Issue 2/2014


Censorship

Editorial


It is one of the oldest issues in the context of the public realm and artistic work: censorship. As an instrument of power wielded by the authoritarian state in response to openly proclaimed or coded critique; as a defence, legitimated on ethical grounds, against dissent or satire vis-à-vis the prescriptive values of religions and religious authorities; as an exclusionary mechanism directed at purportedly impure thought or resistance and disagreement; or as a societal reflex reaction to artistic statements that take stance that is contrary to or deviates from mainstream discourse. Censorship is also an omnipresent phenomenon in the art business nowadays. In the form of self-censorship, it creeps into contexts that view themselves as permissive and emancipatory, just as it worms its way into institutions and structures that claim to be open, yet seek to protect their practice from purportedly destructive statements or from assertions that corrupt their own precepts of purity.

The Spring edition concentrates on the current shape assumed by these manifold forms of prohibition. At the same time, various revealing circuitous routes that lead into this topic are examined, routes that often do not take the form of explicit prohibitions. In Russia, for example, the situation for nonconformist artistic undertakings is constantly deteriorating as the sprawling tentacles of excessive state clampdowns on critiques of power structures or of the government seem to extend ever further. Against the backdrop of the constant authoritarian threats facing many artists as they pursue the everyday business of their artistic activities, even a flagship European institution such as Manifesta, held in St. Petersburg this year, has to achieve a balancing act to avoid overstepping the line on the political front. In her essay Anna Tolstova addresses this ambiguous starting point; calls for boycotts seem to make little difference, yet remaining silent can be read as implicit consent to the prevailing state of affairs – as was already the case for the Olympic Games in Sochi. On the other hand, despite the recent shifts in the political landscape in their country Ukrainian artists’ group ISTM adopts an explicitly non-compliant stance and continues to voice vociferous objections to the upsurge in appeals to traditional values such as the sanctity of the family.
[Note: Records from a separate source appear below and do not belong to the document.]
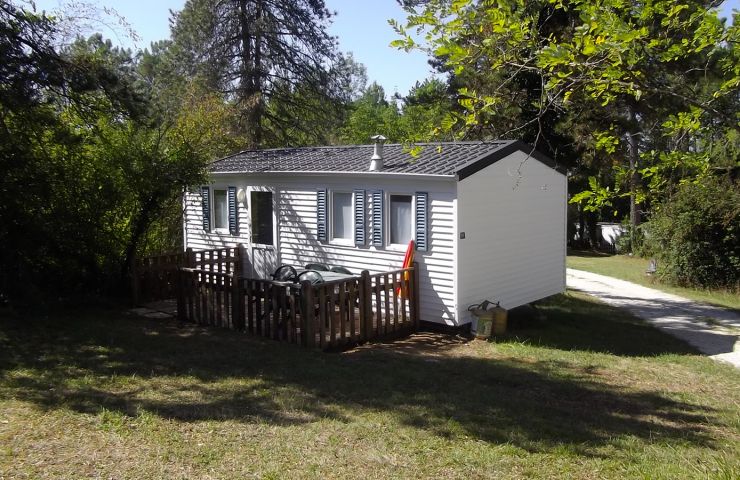 Camping la Ferme de La Catie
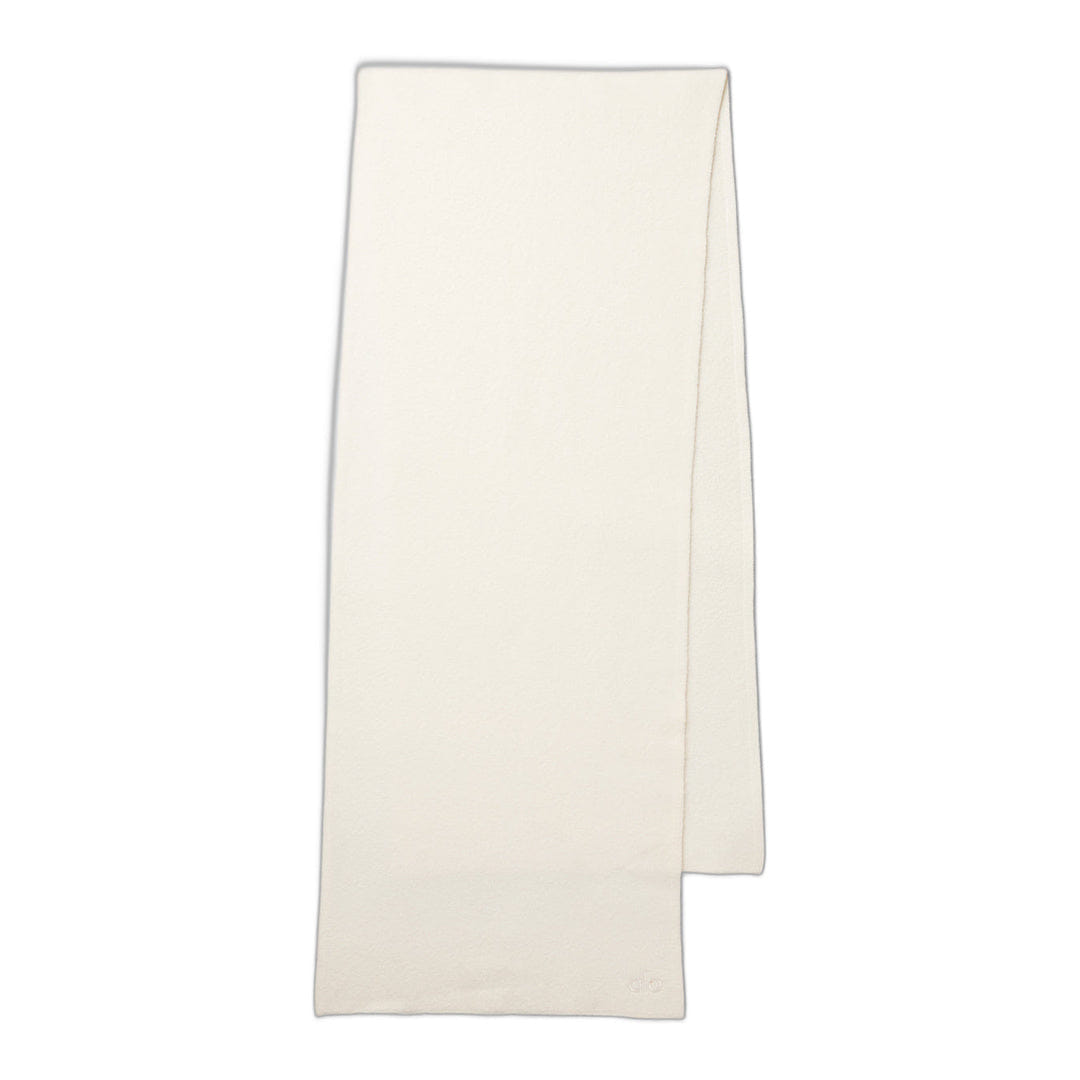 ALO Yoga alo Merino Wool Oversized Scarf - Ivory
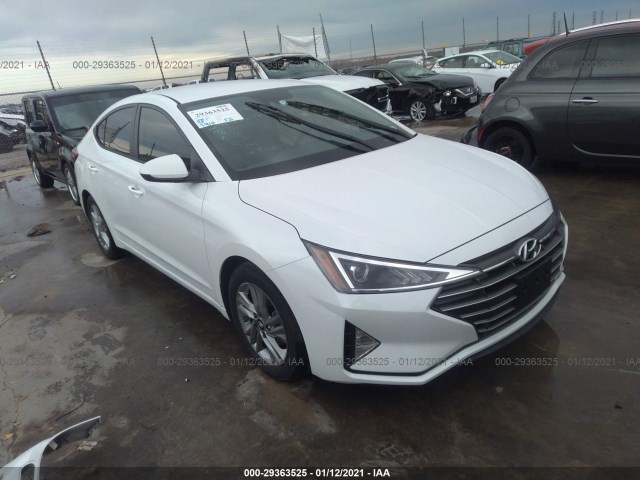 HYUNDAI ELANTRA 2020 5npd84lf2lh607218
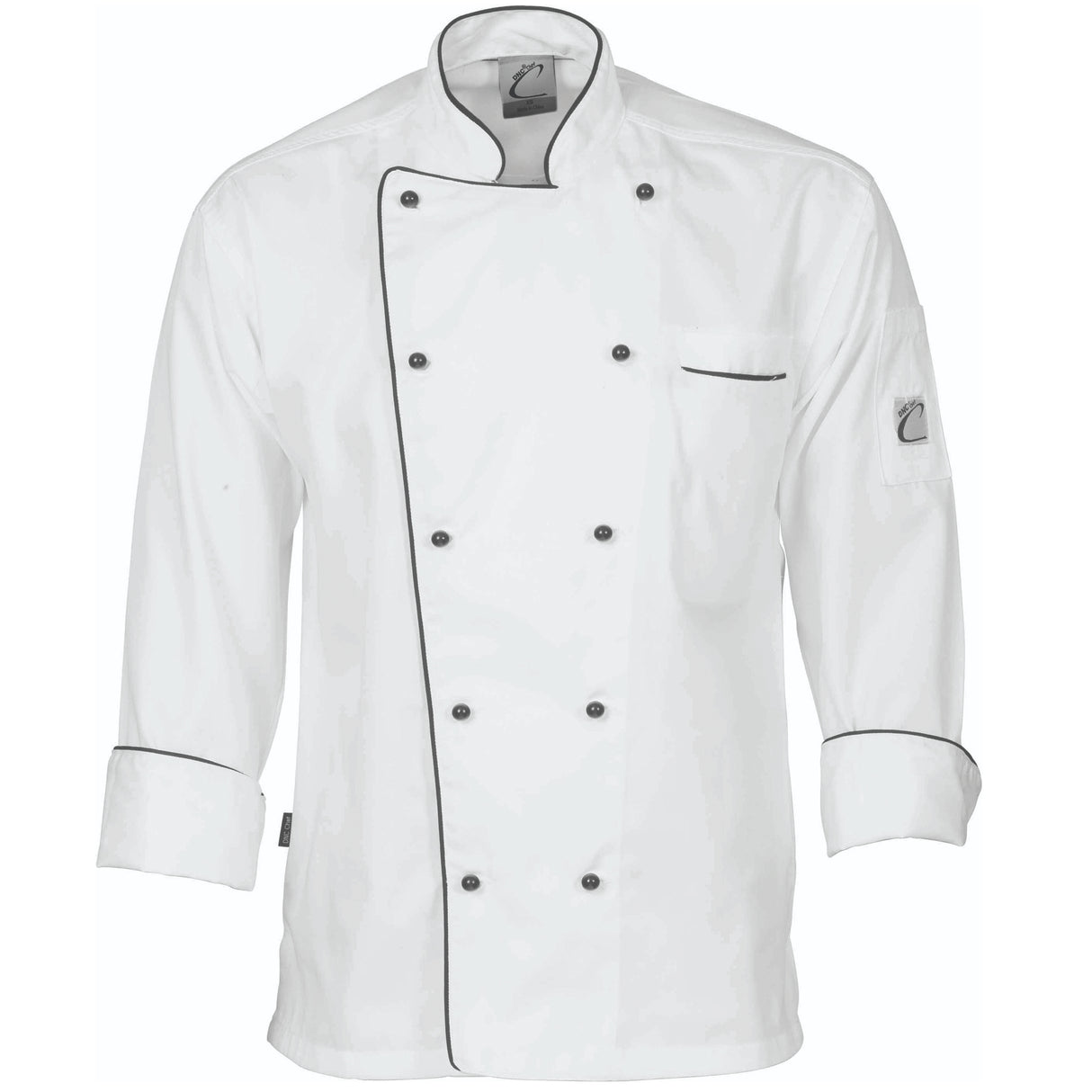 Classic Chef Jacket - Long Sleeve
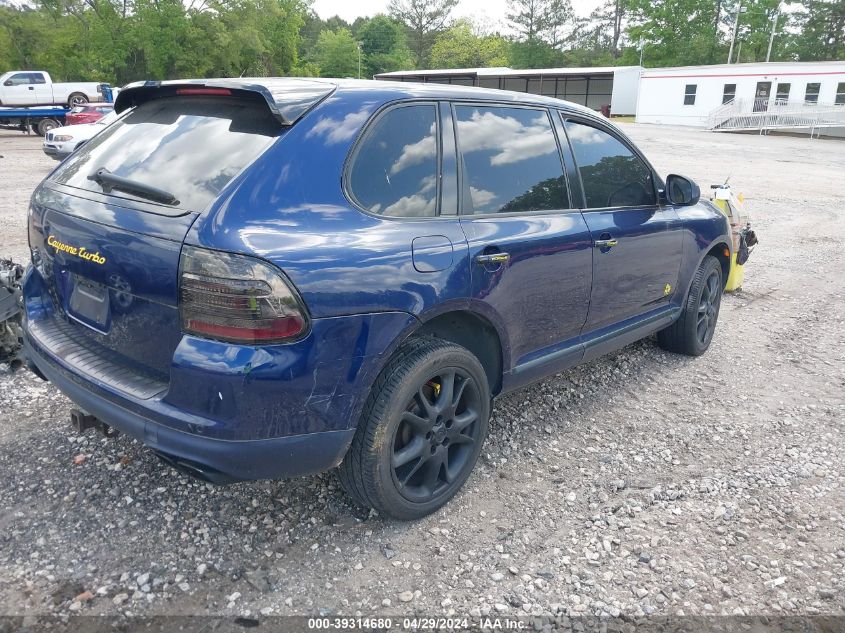 2004 Porsche Cayenne Turbo VIN: WP1AC29P44LA90361 Lot: 40762066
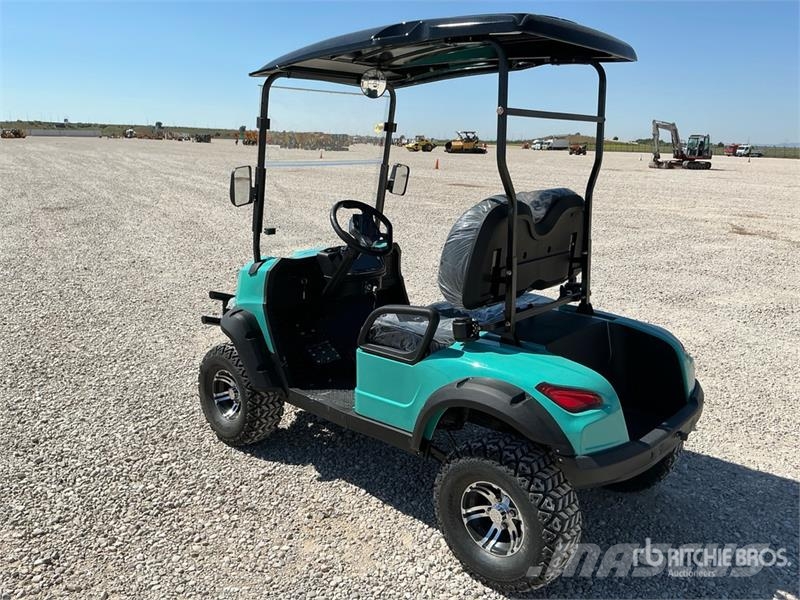 Yamar LS6021HT Offroad Golf Cart (Unused) Golfautot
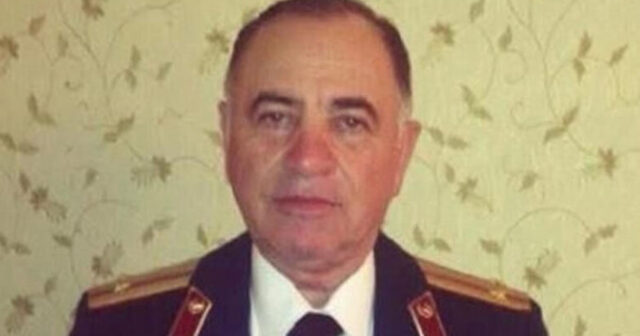 Sabiq qərargah rəisi vəfat etdi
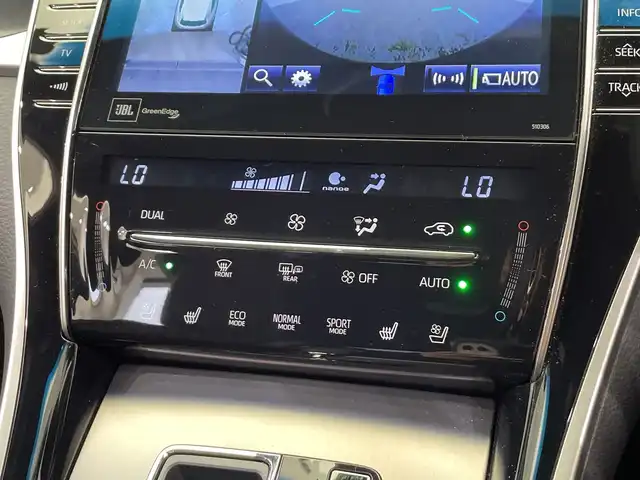 トヨタ ハリアー プログレス メタル&レザーP 栃木県 2017(平29)年 1.3万km ダークレッドマイカメタリック 純正メーカーオプションナビ/JBL11スピーカーサラウンドサウンドシステム/フルセグテレビ/Bluetooth/CD/DVD/全方位カメラ/リア３面スモークフィルム施工/ドライブレコーダー/カードキー/アダプティブクルーズコントロール/パワーバックドア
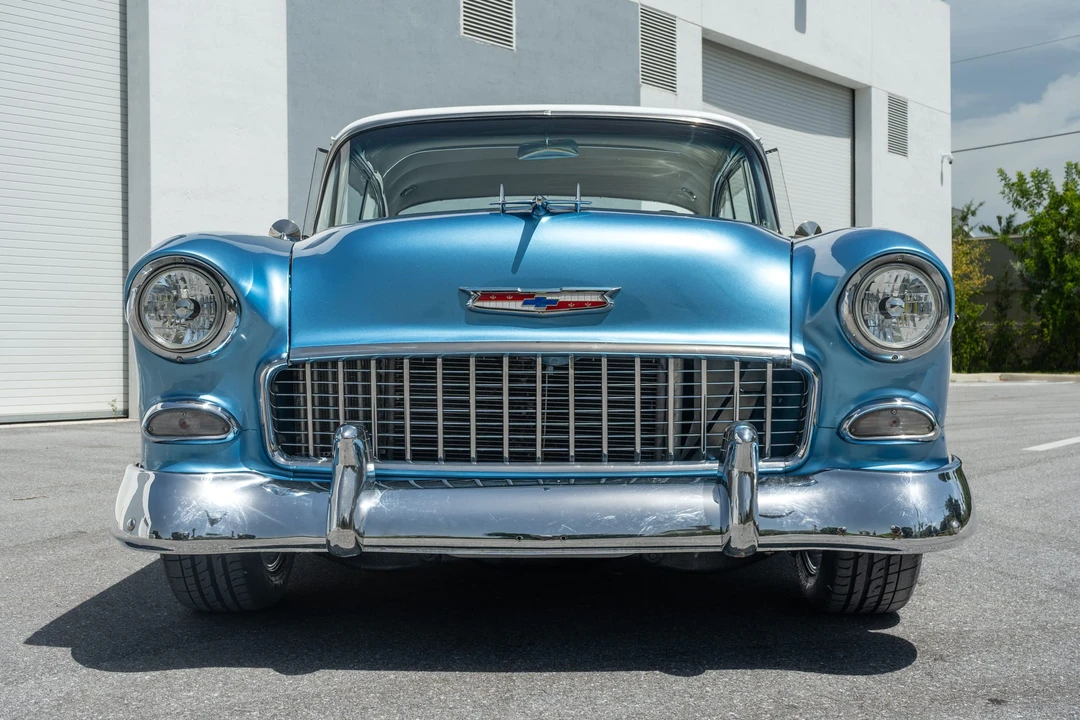 1955 Chevrolet Tri-Five Bel Air 2-Door Hardtop & Coupe - Image 17 of 31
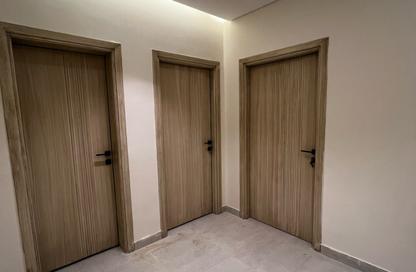Apartment - 3 Bedrooms - 2 Bathrooms for rent in Al Khamayel city - Sheikh Zayed Compounds - Sheikh Zayed City - Giza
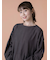 【ゆべし×Samansa Mos2】切替2WAYワンピース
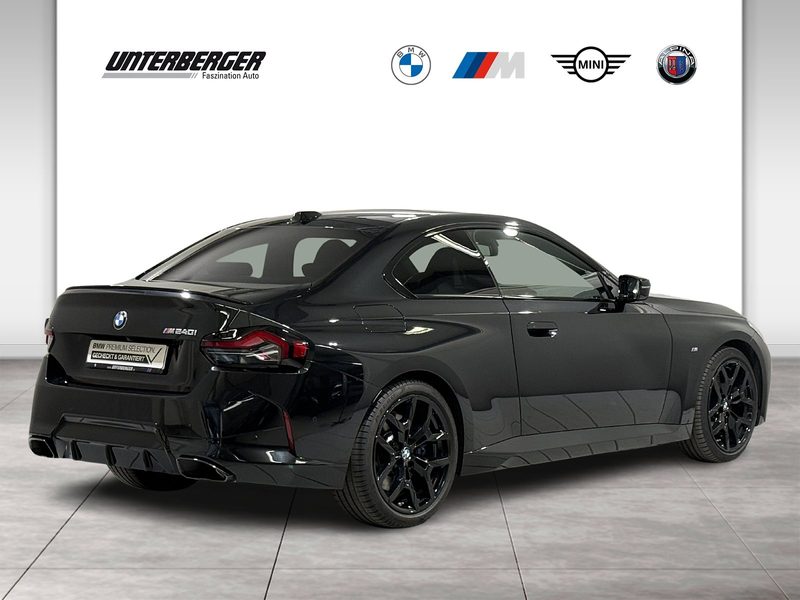 BMW 240 M240i xDrive Coupé M-Sitze GSD HUD HK 360° ALED — photo 3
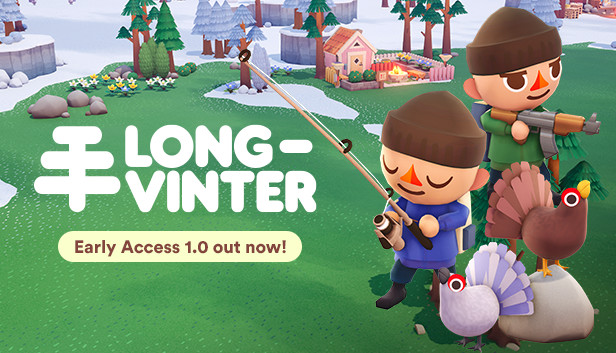 Longvinter Update Patch Notes on April 17, 2024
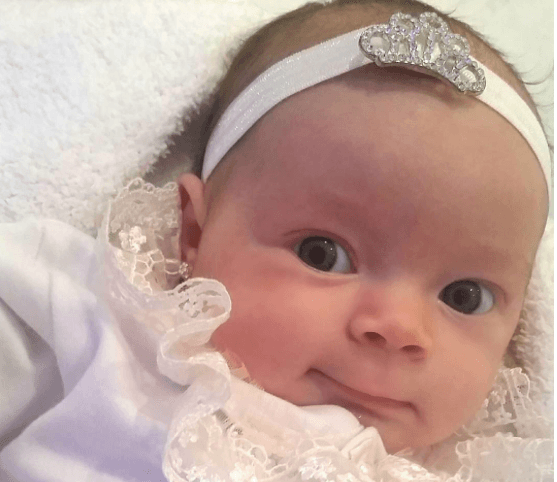 This Picture Of Ice-T’s Baby Is Breaking The Internet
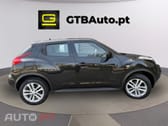 Nissan Juke 1.5 dCi Tekna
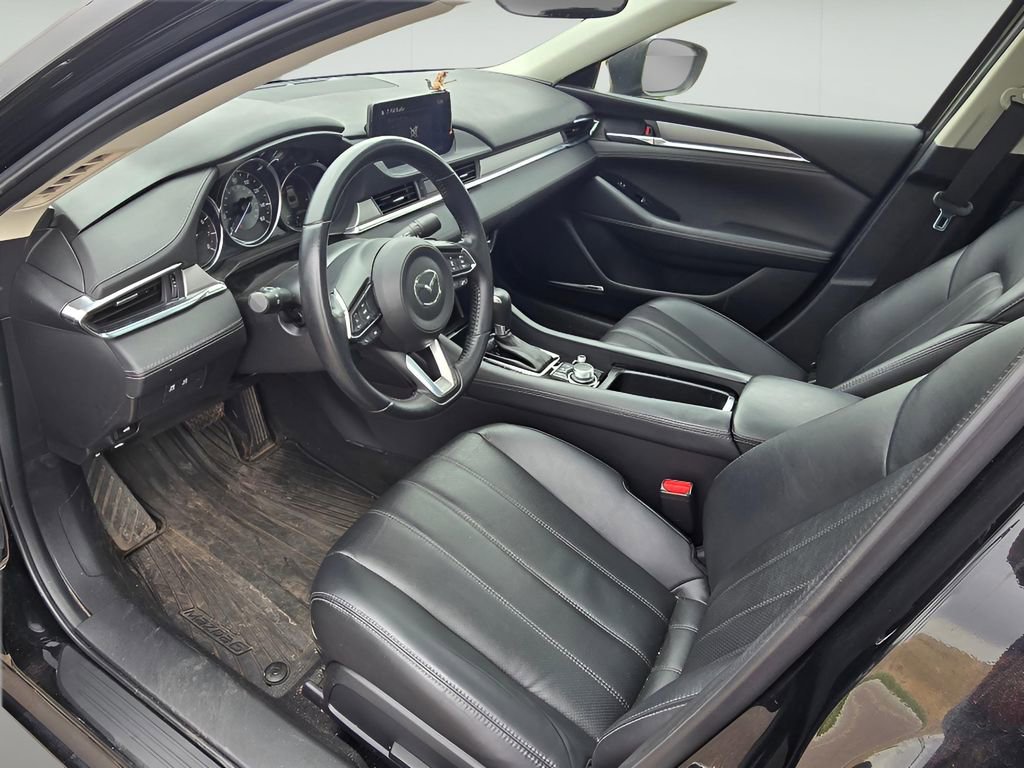 Used 2018 MAZDA MAZDA6 Grand Touring FWD image 14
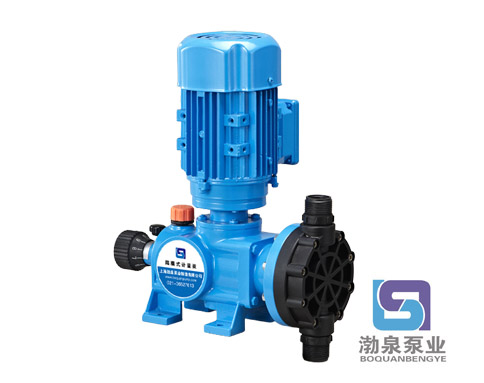 KD20/1.0_不銹鋼耐腐蝕計量泵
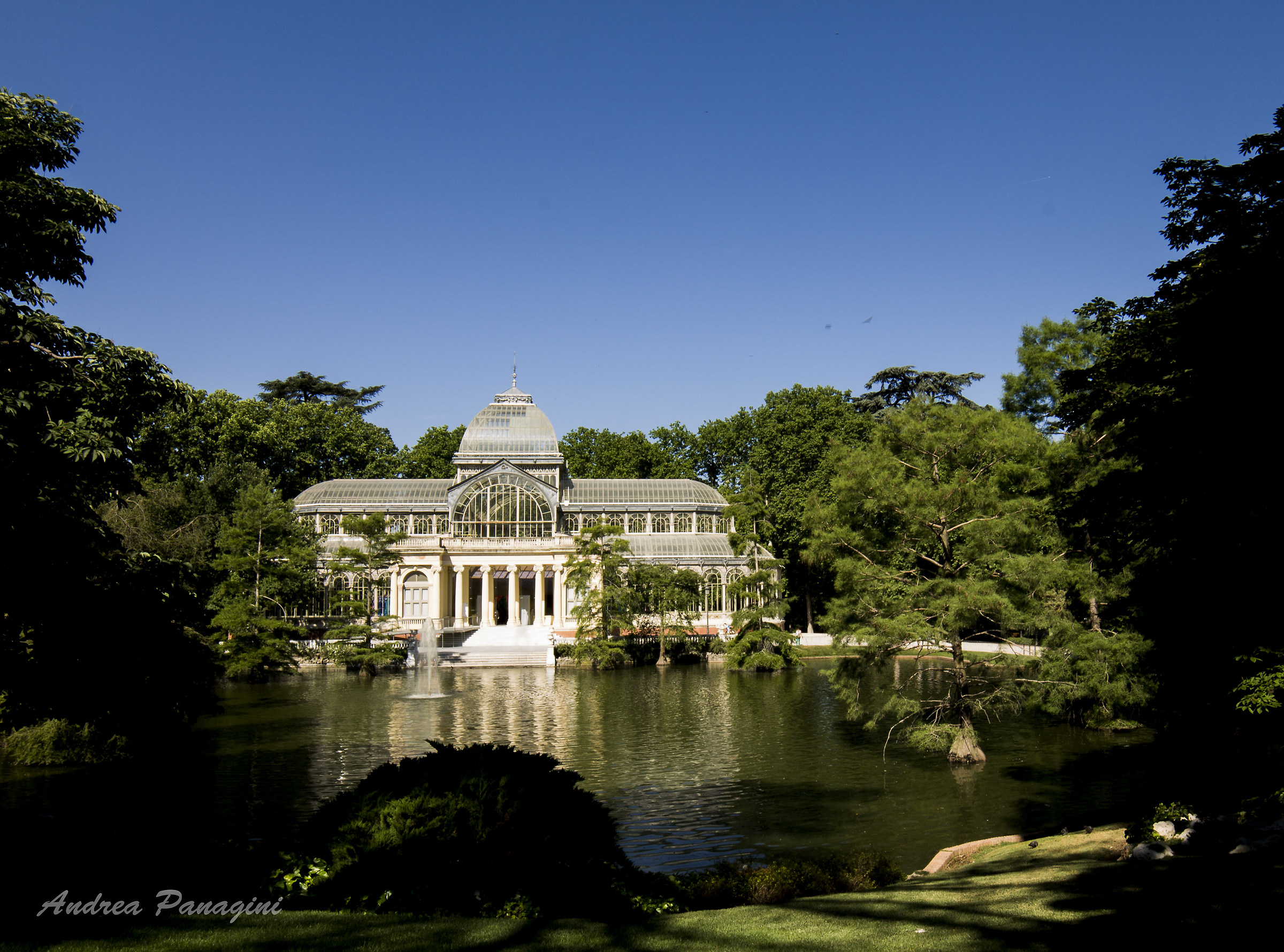 Palacio de Cristal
Art practices in the Arab world with a critical stance towards power structures and regimes are confronted with a similar insecure setting. In her essay Nehad Selaiha recapitulates the history of “non-official”, i.e. social, censorship in Egypt, which came into being long before new-style despotic authoritarianism took hold. The fact that repression of unwelcome artistic statements continues today, even after the fall of Hosni Mubarak, is all the more worrying, for it means that one of the central promises of the Arab Spring has still not been kept. A further report on the Beirut art scene (Daniel Berndt and Fiona McGovern) implicitly reveals that a lot of ground may have to be covered before that goal is attained: four contemporary art institutions, all also advocating the need to steer a new course, persistently run up against the constraints of the socio-political conditions and are only able to continue their work thanks to the enormous international support they have enjoyed for years.
The absurd extent of measures currently affecting freedom of expression in Turkey is still more dramatic. Recent threats to block Internet access seem to be an act of rebellion on the part of a regime that sees its aspirations being irrevocably dashed – in personal snapshots of the situation, Süreyyya Evren offers insights into the shape life assumes for the critical intelligentsia under these conditions. Artist Ahmet Öğüt had the foresight to launch the Silent University some time ago; Pelin Tan describes the activities of this transnational, indeed “transversal” institution in her piece.
The thematic section of this edition is framed by the deaths of two people of particular importance for springerin. On 10th February this year Stuart Hall, the pioneering thinker and doyen of Cultural Studies, died; his work in this field has been immensely significant for our magazine’s theoretical stance. Throughout his entire career Stuart Hall’s writing indefatigably opposed the encroaching regime of neo-liberalism which had miraculously managed to sell oppression as “freedom” ever since it first reared its head back in the 1970s. In this edition we publish one of the last texts co-authored by Stuart Hall in which, with his customary acuity, he analyses the term “common sense”, viewed by contemporary politics as a kind of magical formula. At first glance this may almost seem to be the exact opposite of censorship, yet upon closer examination it reveals profound relations to that phenomenon.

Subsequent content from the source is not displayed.